WORK INSTRUCTIONS —
Starting at the line that contains "Экскурсия в муниципальную", write out every line through the end of the records exactly as it stands, and leave out all pictures.

_ _ _ _ _ _ _

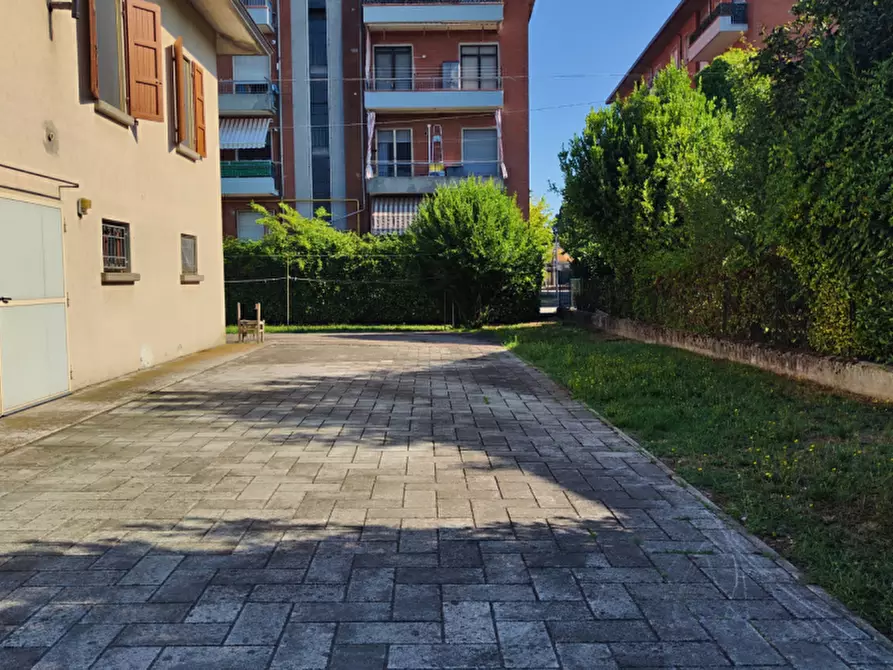 Immagine 56 di Casa indipendente in vendita  in via verdi a Sissa Trecasali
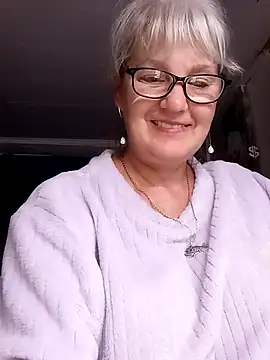 Snapshot of irinamaux chatting on July 2, 6:08 am irinamaux online show from July 2, 6:08 am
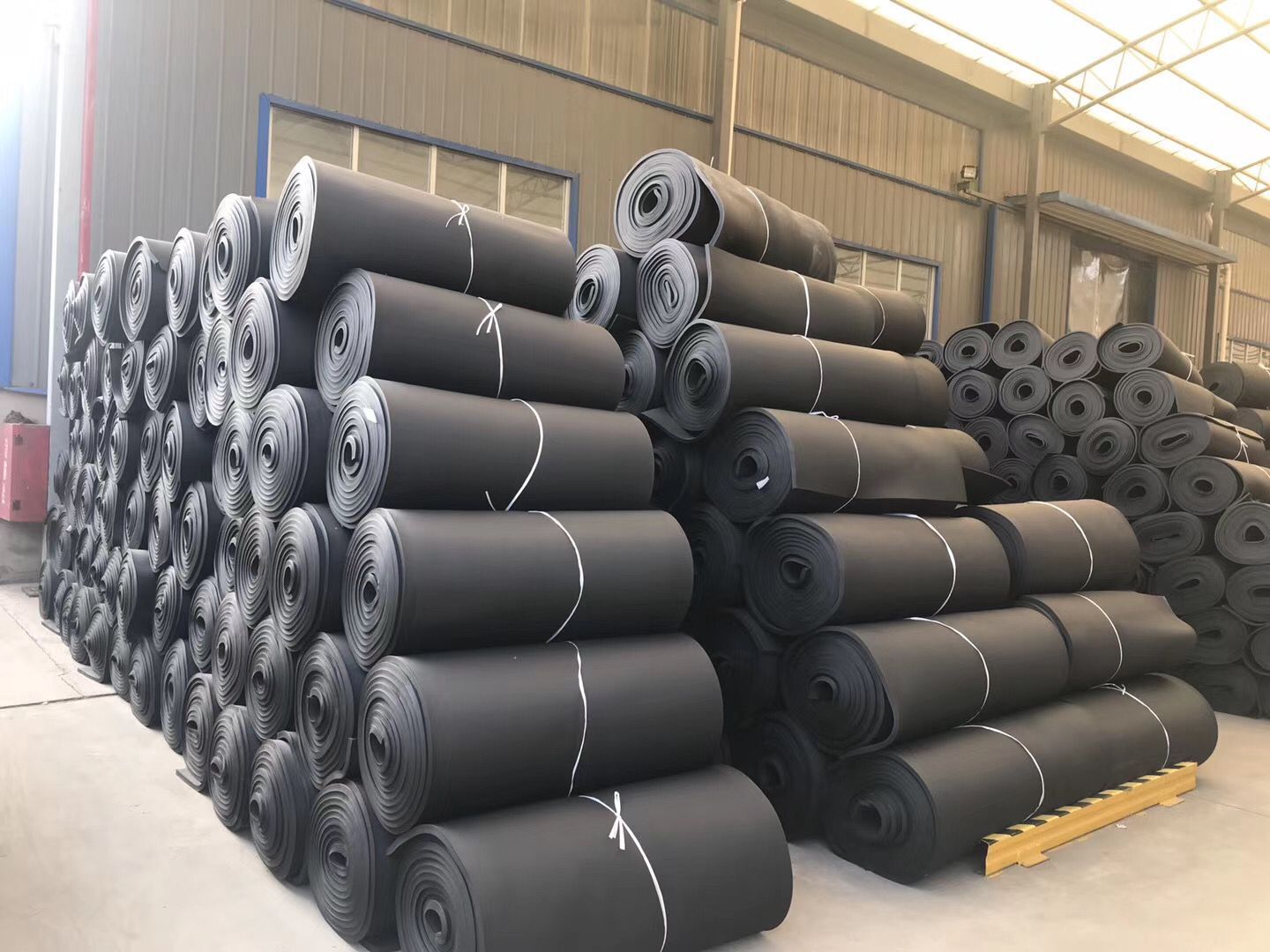 Hrubber foam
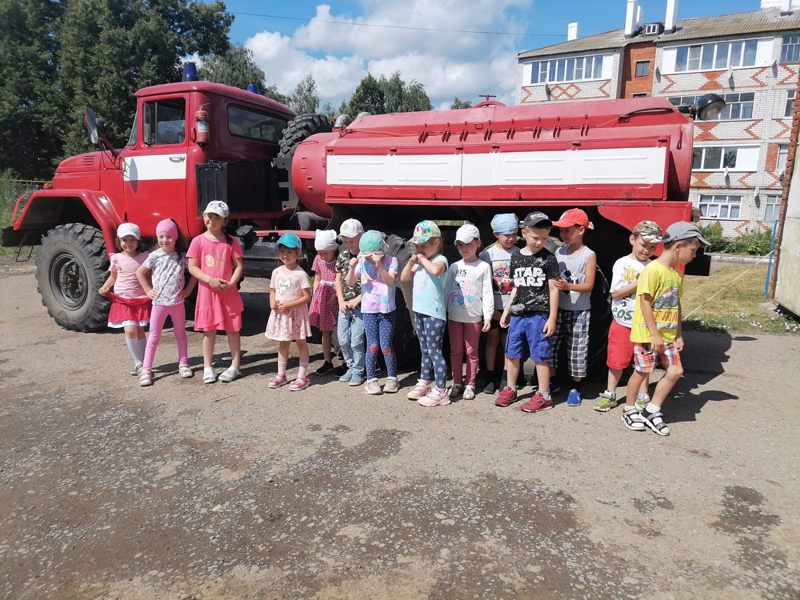 Экскурсия в муниципальную пожарную охрану с. Ишлеи воспитанников старшей группы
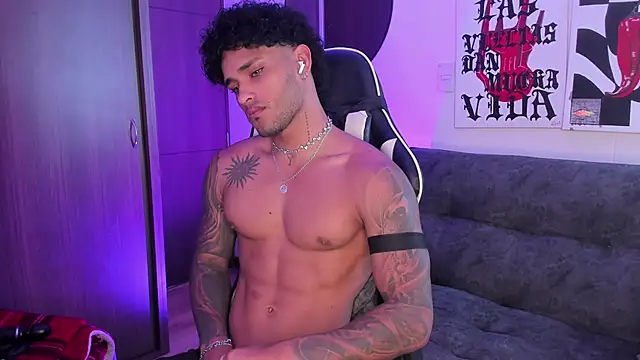 Snapshot of Alessandro_Vanni chatting on April 26, 2026, 2:59 pm Alessandro Vanni online show from April 26, 2026, 2:59 pm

_ _ _ _ _ _ _

ANSWER AREA —
 Экскурсия в муниципальную пожарную охрану с. Ишлеи воспитанников старшей группы
 Snapshot of Alessandro_Vanni chatting on April 26, 2026, 2:59 pm Alessandro Vanni online show from April 26, 2026, 2:59 pm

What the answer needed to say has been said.